Ingredients for 4 servings:
- 1 pack of lasagna sheets
- 3 cans of tuna, drained
- 3 cans of chopped tomatoes, approx. 400 g each
- 1 can corn kernels, approx. 300 – 350 g, drained
- 1 cup sour cream
- 100 g mozzarella, grated
- 100 g Emmental cheese, grated
- 5 sprigs of dill
- 2 tbsp capers
- 1 small onion(s)
- 2 garlic cloves
- 1 lemon(s), zest
- e.g. olive oil
Instructions
Working time approx. 20 minutes; Cooking/baking time approx. 40 minutes; Total time approx. 1 hour
easy and quick to prepare!
Finely dice the garlic and onion and finely chop the dill.
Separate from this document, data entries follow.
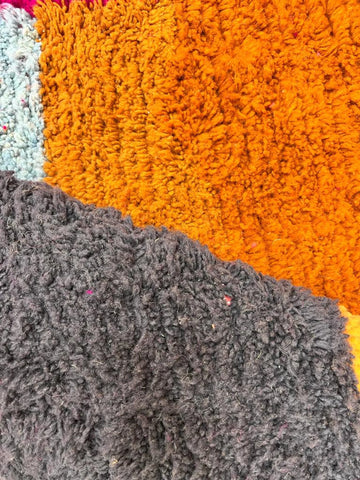 Modern Pink Moroccan Rug with Brown and Blue Accents Modern Pink Moroccan Rug with Brown and Blue Accents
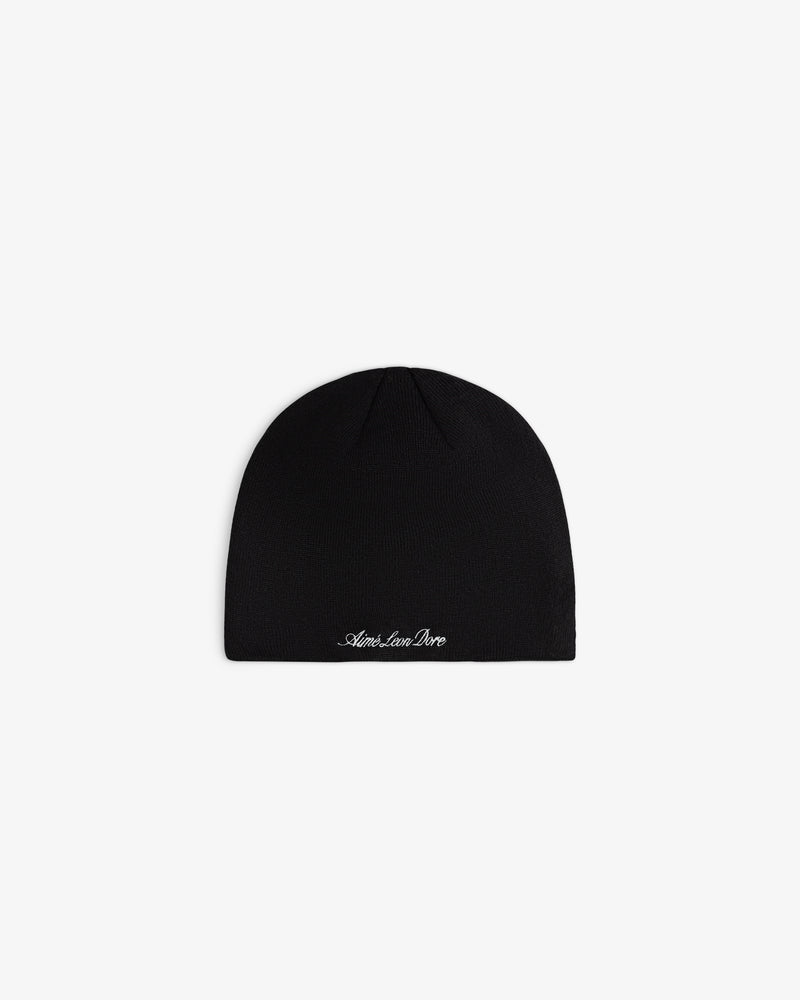 Black ALD / New Era Yankees Beanie knit with white embroidered script text at the hem.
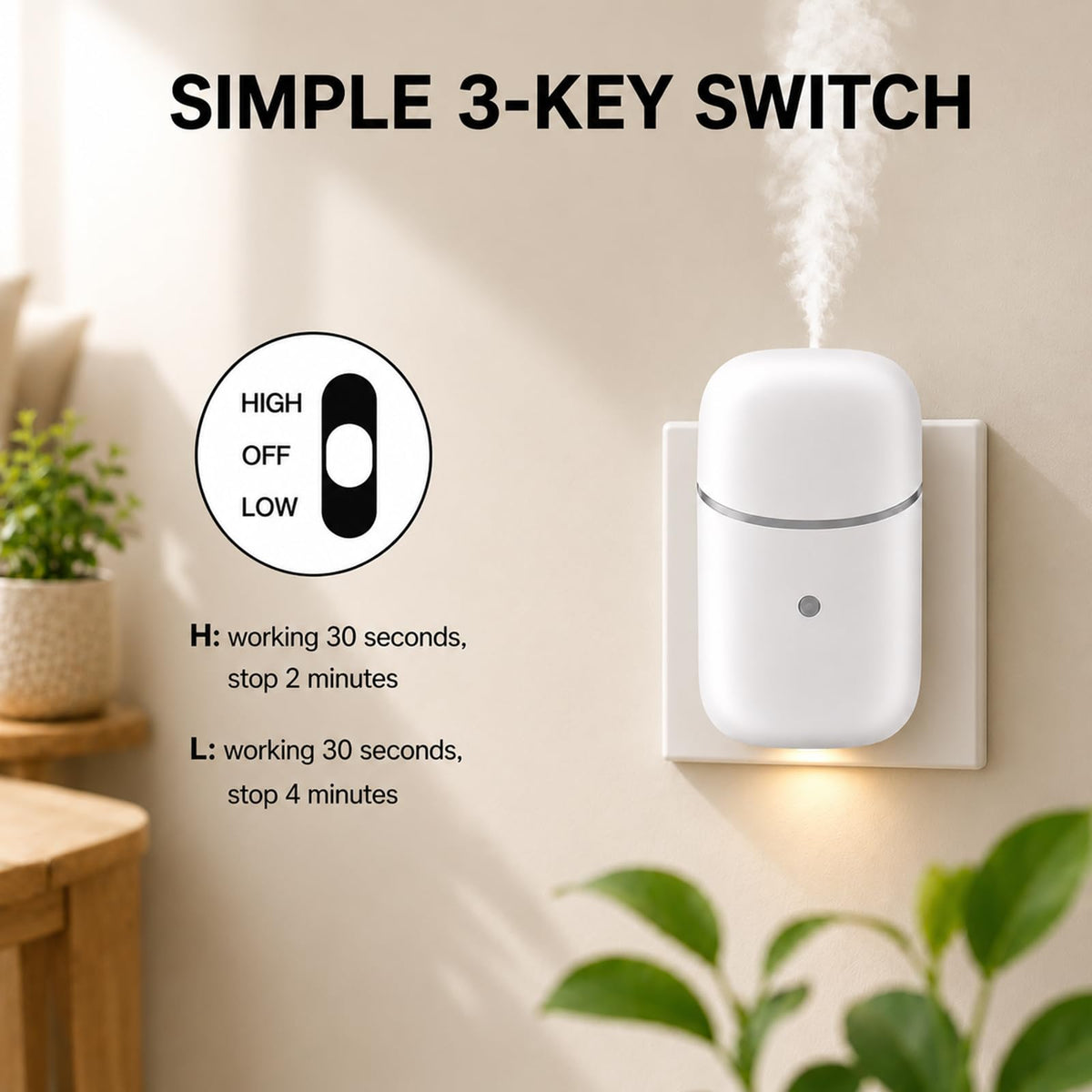 Miferdin Waterless Diffuser, Quiet Essential Oil Diffuser with Low/High Modes and Timer, Cold Plug in Diffuser with Night Light, Wall Aromatherapy Diffuser for Home, Bedroom, Bathroom, Outlet, White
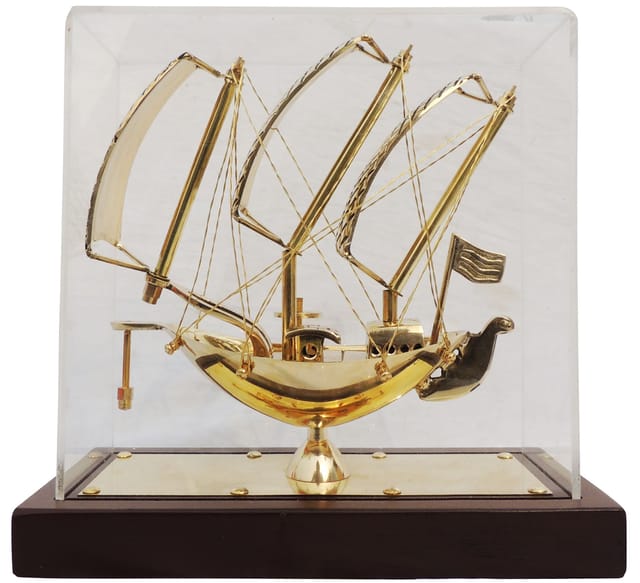 Brass Luxury Sailing Ship Showpiece in Acrylic Case-ArtyCraftz.com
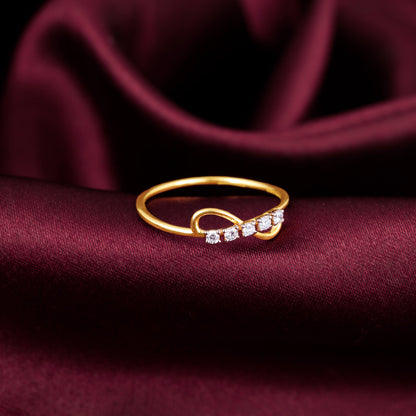 Gold Glittering Infinity Diamond Ring
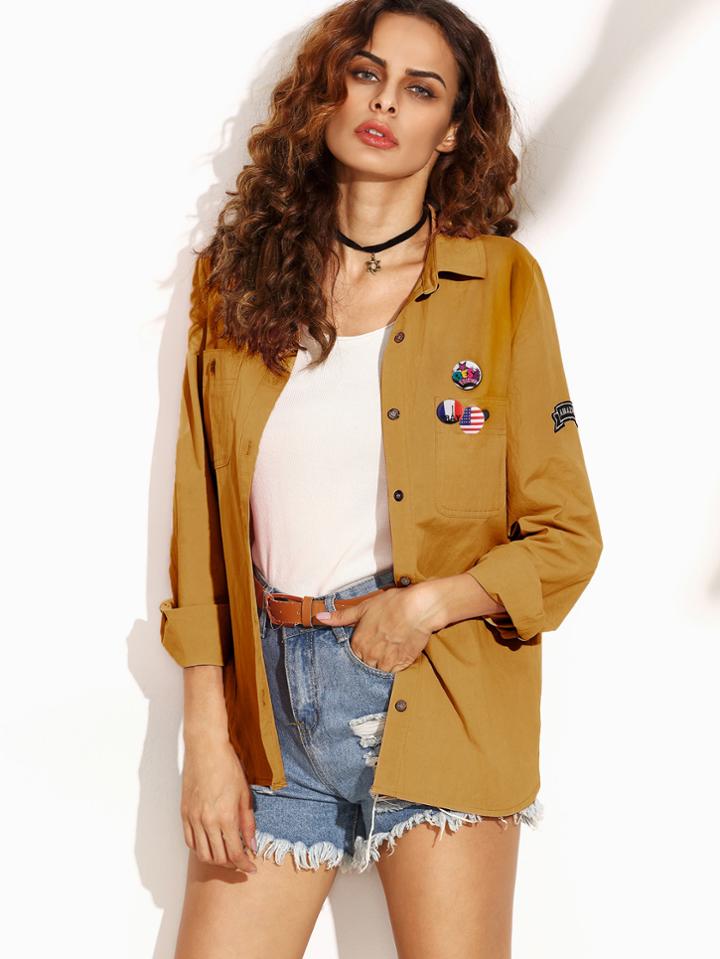 Romwe Letter Print Back Shirt Jacket With Badge Detail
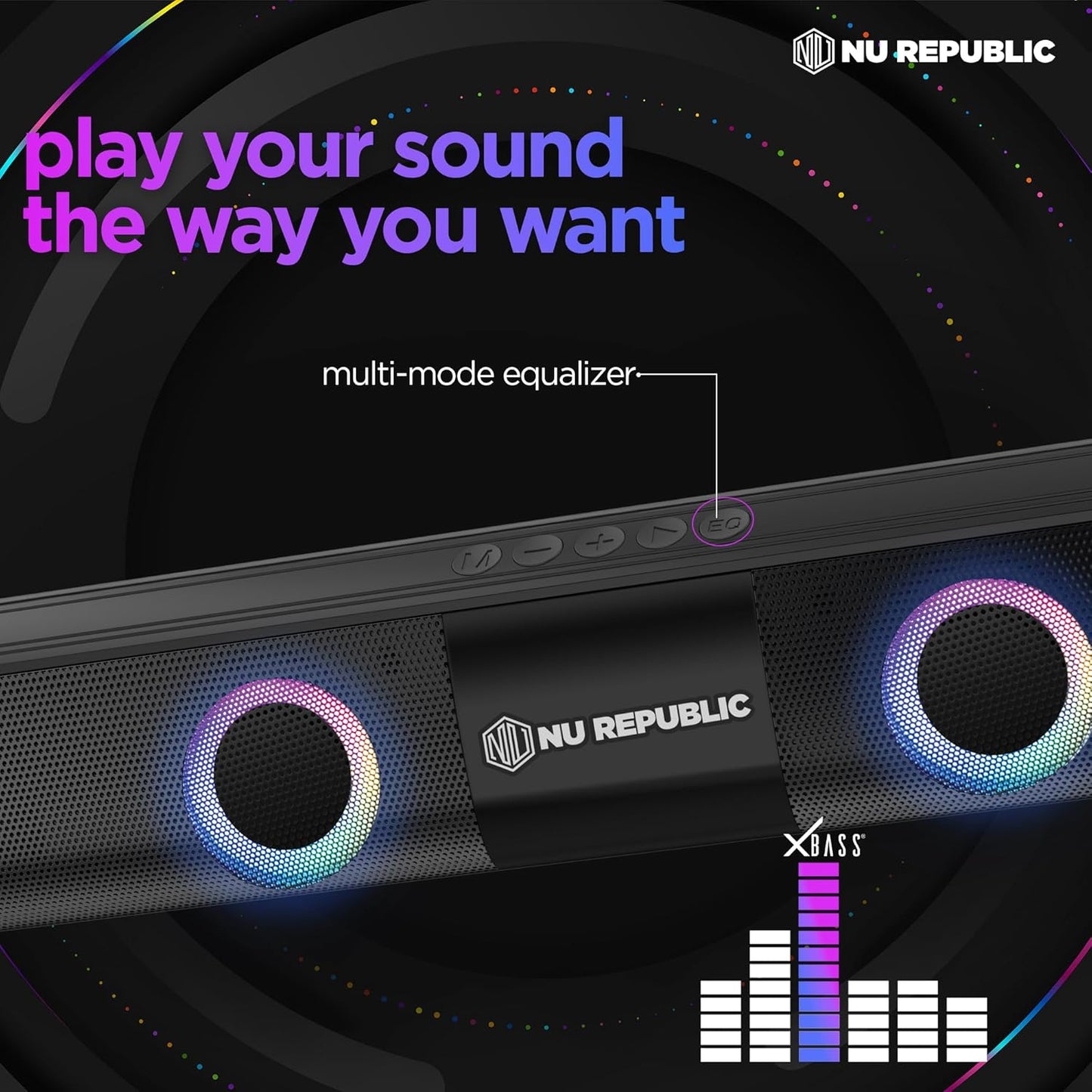 Nu Republic Party Box 20 (20W, 16 Hrs Playtime), Wireless Bluetooth Speaker with Mic v5.3, RGB Light (Black) 1.0 unit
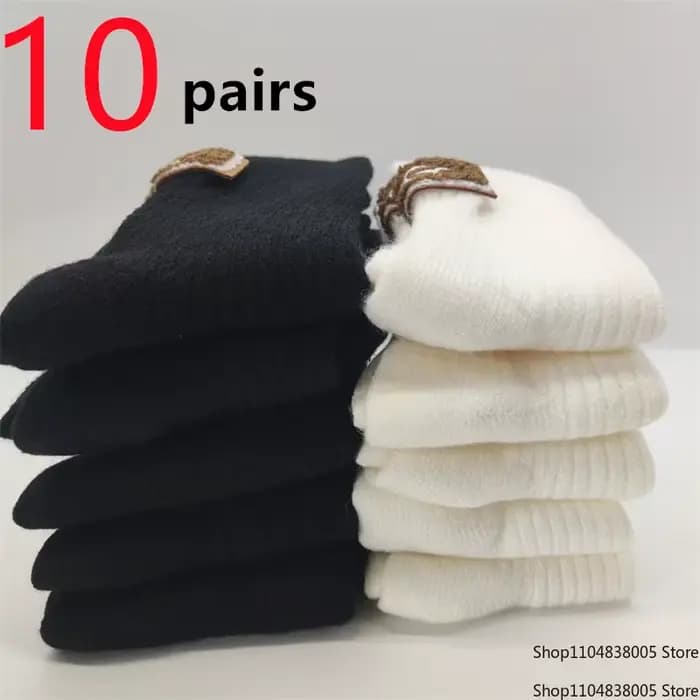 5/10 paires de chaussettes femmes luxe concepteur cachemire laine chaussette solide chaud épais pile brodé Logo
Heat a little olive oil in a large pan and sauté the garlic, onion, and tuna. Add the chopped tomatoes, corn, capers, sour cream, and dill and bring everything to a boil briefly. Season with salt and pepper. Then wash the lemon with hot water, dry it, and grate the lemon zest with a kitchen grater. Add it to the sauce and simmer for another 2 minutes. Spread some of the tuna mixture into a greased dish, place a layer of lasagna sheets on top, cover the pasta layer with tuna, and then cover with a thin layer of mozzarella. Then add another layer of pasta, tuna, and Emmental cheese. Fill the dish layer by layer. The last layer should be the tuna sauce. Sprinkle thickly with grated cheese and bake at 200°C (convection oven) or 220°C (top/bottom heat) for about 25 minutes, until the crust is golden brown. Serve with a green salad.